Work request:
Within the listing below, please copy exactly the lines between the line holding "Zucchini and Yellow Squash Au Gratin" and the line holding "VARICOSE VEINS PAIN RELIEF OIL", inclusive.

Material for this exercise:
•••

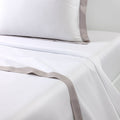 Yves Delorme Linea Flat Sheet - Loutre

•••

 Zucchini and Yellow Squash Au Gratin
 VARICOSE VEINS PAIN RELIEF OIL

•••

Written solution:
 Zucchini and Yellow Squash Au Gratin
 VARICOSE VEINS PAIN RELIEF OIL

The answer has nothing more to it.